[[ The data, beginning ]]

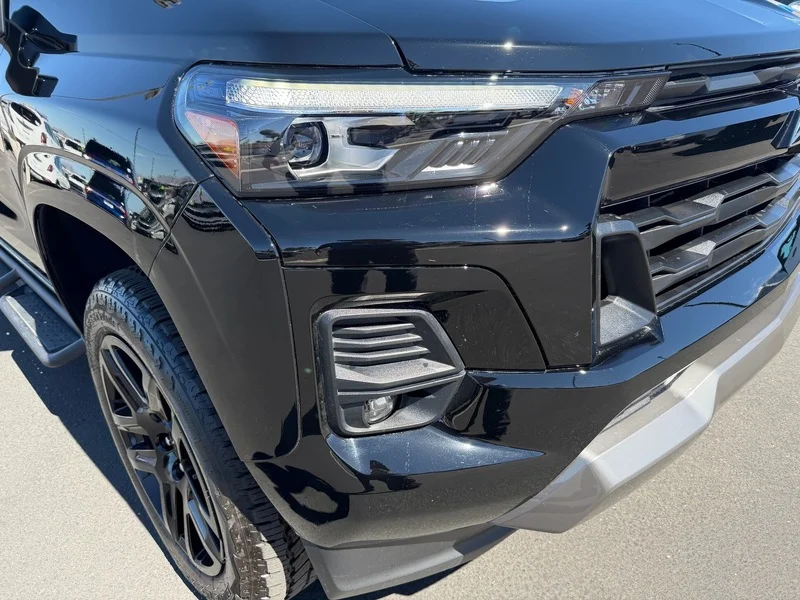 Used 2025 Black Chevrolet Z71 image 27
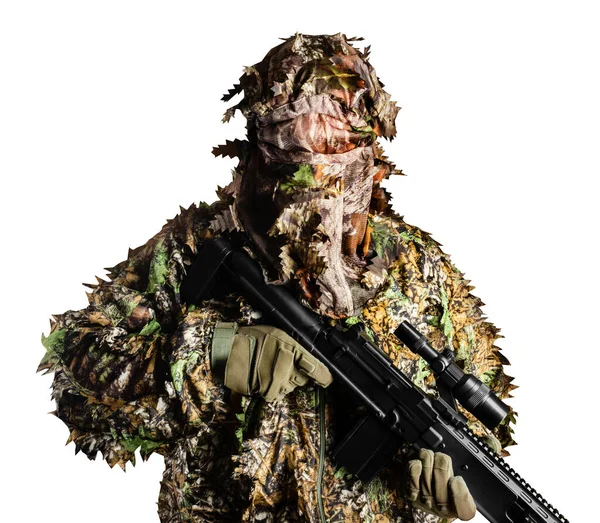 Foto Soldado Terno Camuflado Floresta Segurando Rifle Sniper Isolado Fundo — Fotografia de Stock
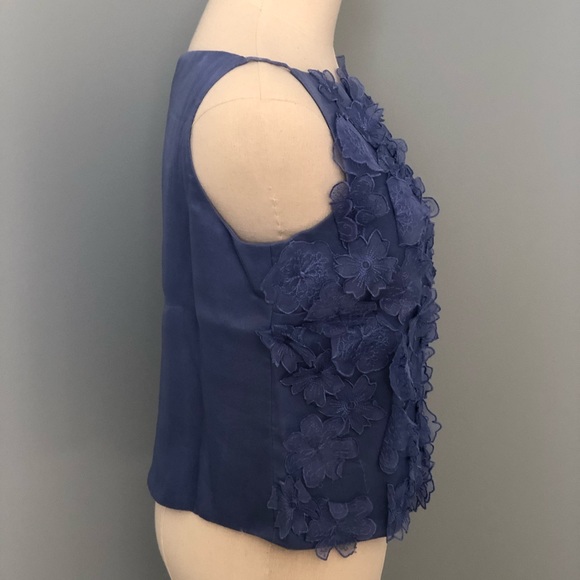 BEAUTIFUL SILK TOP WITH RUFFLED FLOWERS SIZE 6, SIDE ZIPPER-PERIWINKLE COLOR - Picture 5 of 11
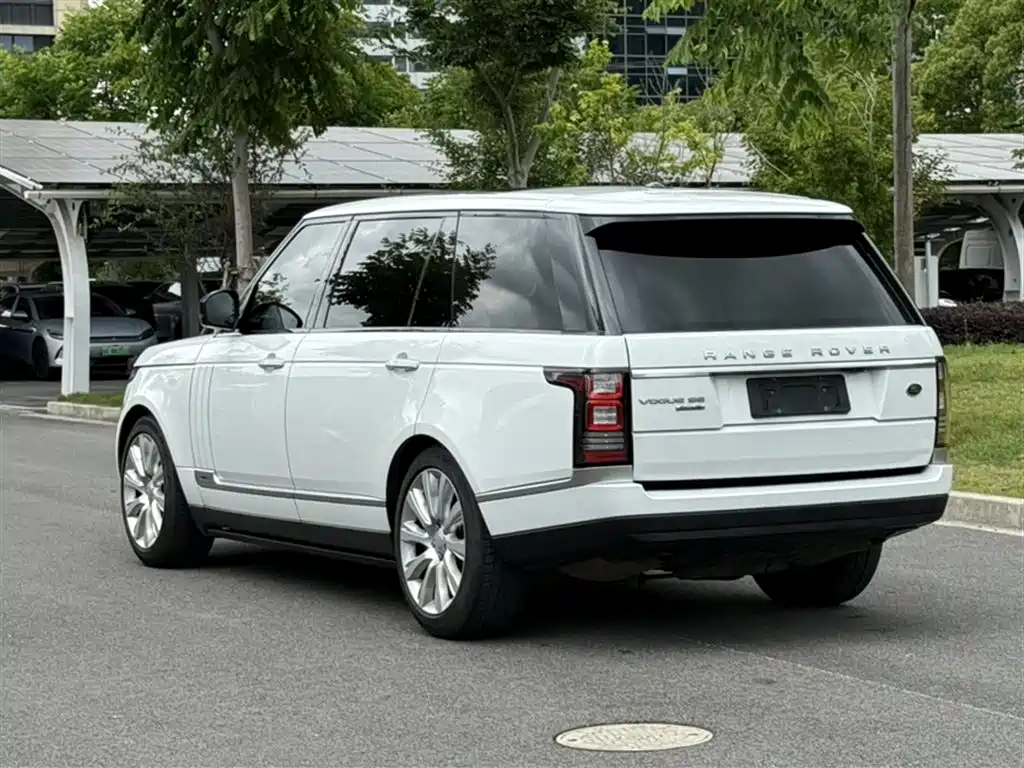 Land Rover Range Rover 2016 3.0 SC V6 Vogue SE Long Wheelbase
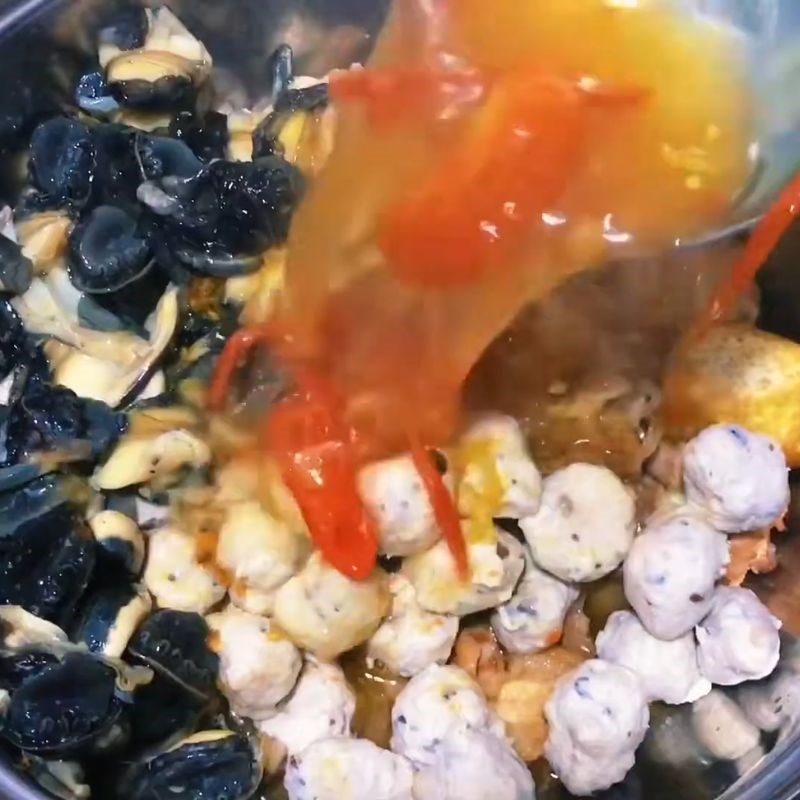 Bước 5 Hoàn thành nồi lẩu và thưởng thức lẩu ốc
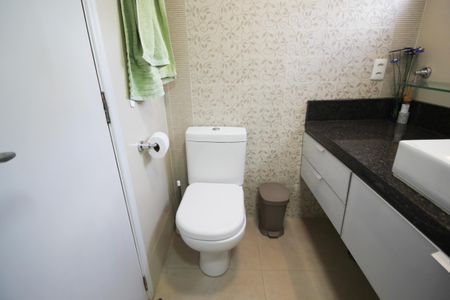 Apartamento à venda com 155m², 3 quartos e 3 vagas Apartamento à venda com 155m², 3 quartos e 3 vagasBanheiro da Suíte 1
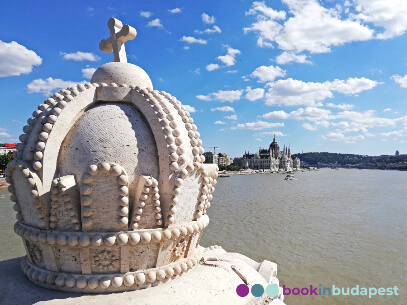 Puente Margarita Budapest con el Parlamento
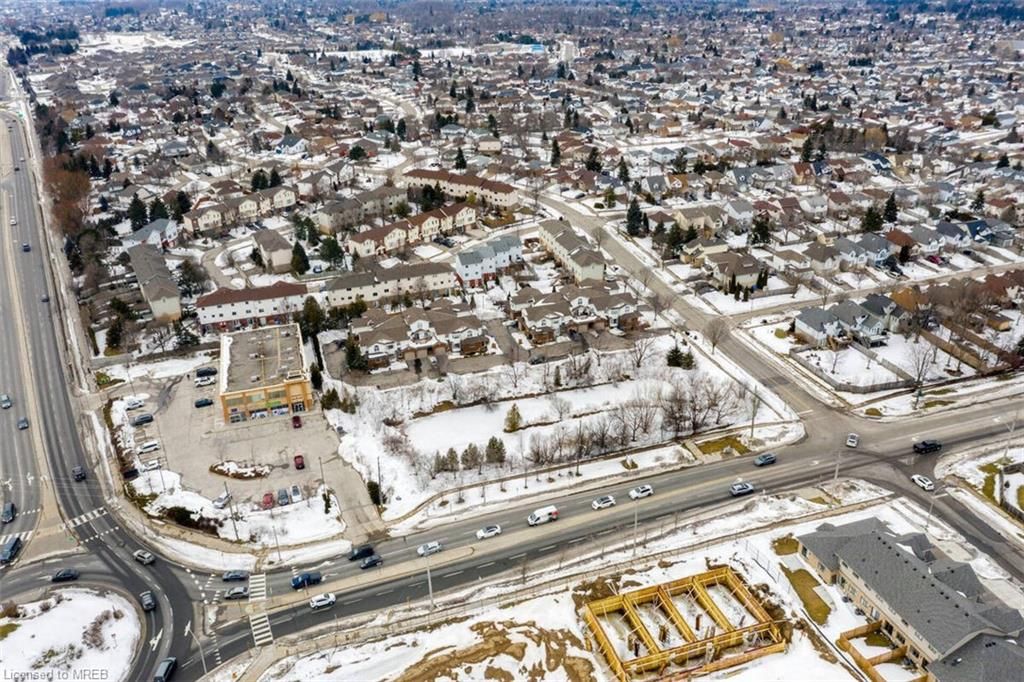 Single Family Residence sold at 71 Iron Gate Street, Kitchener, ON, N2N 3R6 - Westvale - MLS: 40217853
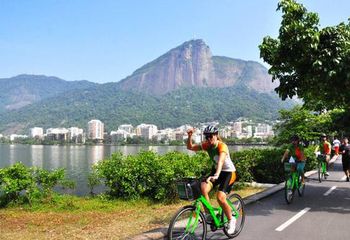 Ciclovia ao redor da Lagoa Rodrigo de Freitas - RJ. 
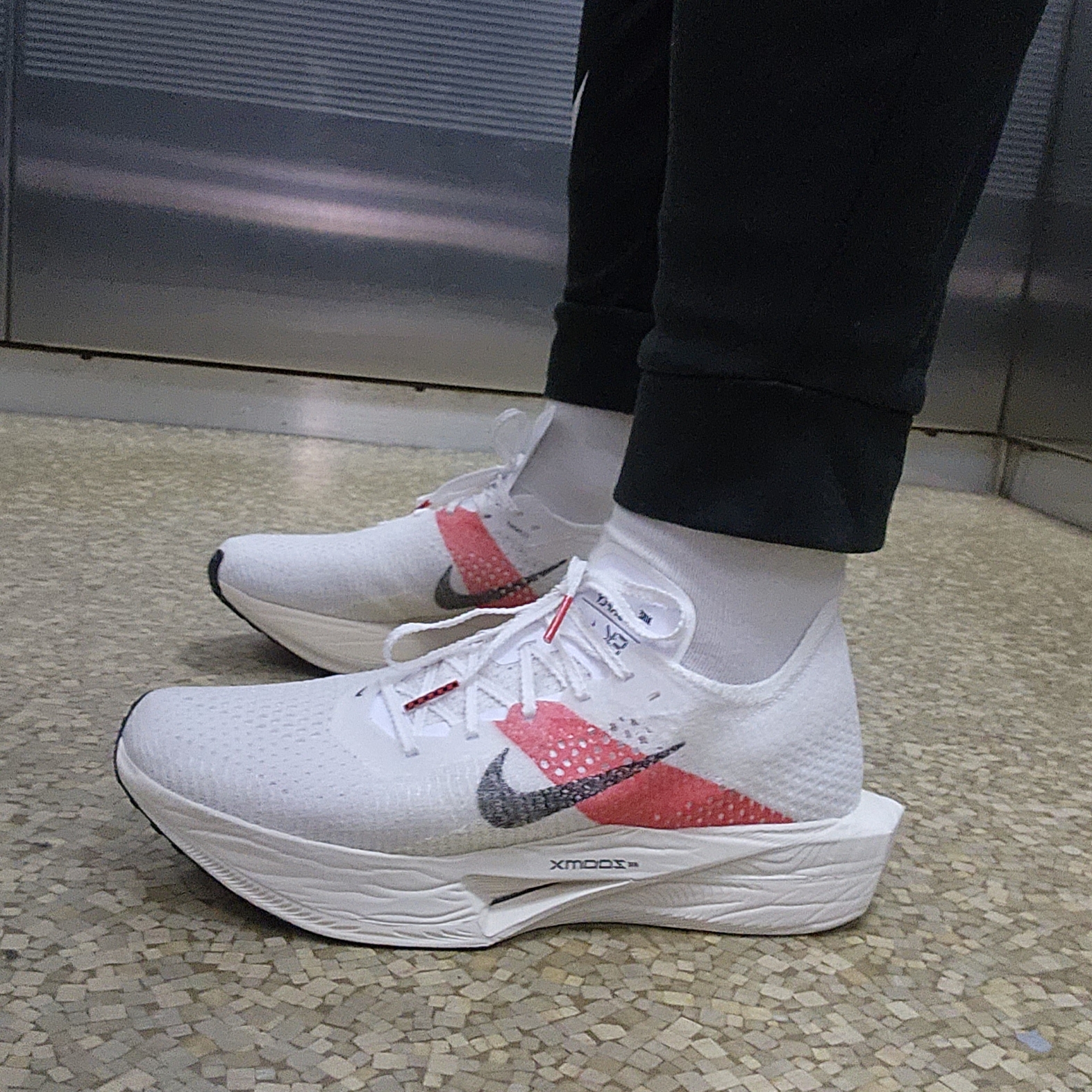 Nike ZoomX Vaporfly Next% 3 Eliud Kipchoge 착용 스타일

[[ The data, end ]]

From the first line to the last, set down the records exactly, leaving out images.

 Used 2025 Black Chevrolet Z71 image 27
 Foto Soldado Terno Camuflado Floresta Segurando Rifle Sniper Isolado Fundo — Fotografia de Stock
 BEAUTIFUL SILK TOP WITH RUFFLED FLOWERS SIZE 6, SIDE ZIPPER-PERIWINKLE COLOR - Picture 5 of 11
 Land Rover Range Rover 2016 3.0 SC V6 Vogue SE Long Wheelbase
 Bước 5 Hoàn thành nồi lẩu và thưởng thức lẩu ốc
 Apartamento à venda com 155m², 3 quartos e 3 vagas Apartamento à venda com 155m², 3 quartos e 3 vagasBanheiro da Suíte 1
 Puente Margarita Budapest con el Parlamento
 Single Family Residence sold at 71 Iron Gate Street, Kitchener, ON, N2N 3R6 - Westvale - MLS: 40217853
 Ciclovia ao redor da Lagoa Rodrigo de Freitas - RJ. 
 Nike ZoomX Vaporfly Next% 3 Eliud Kipchoge 착용 스타일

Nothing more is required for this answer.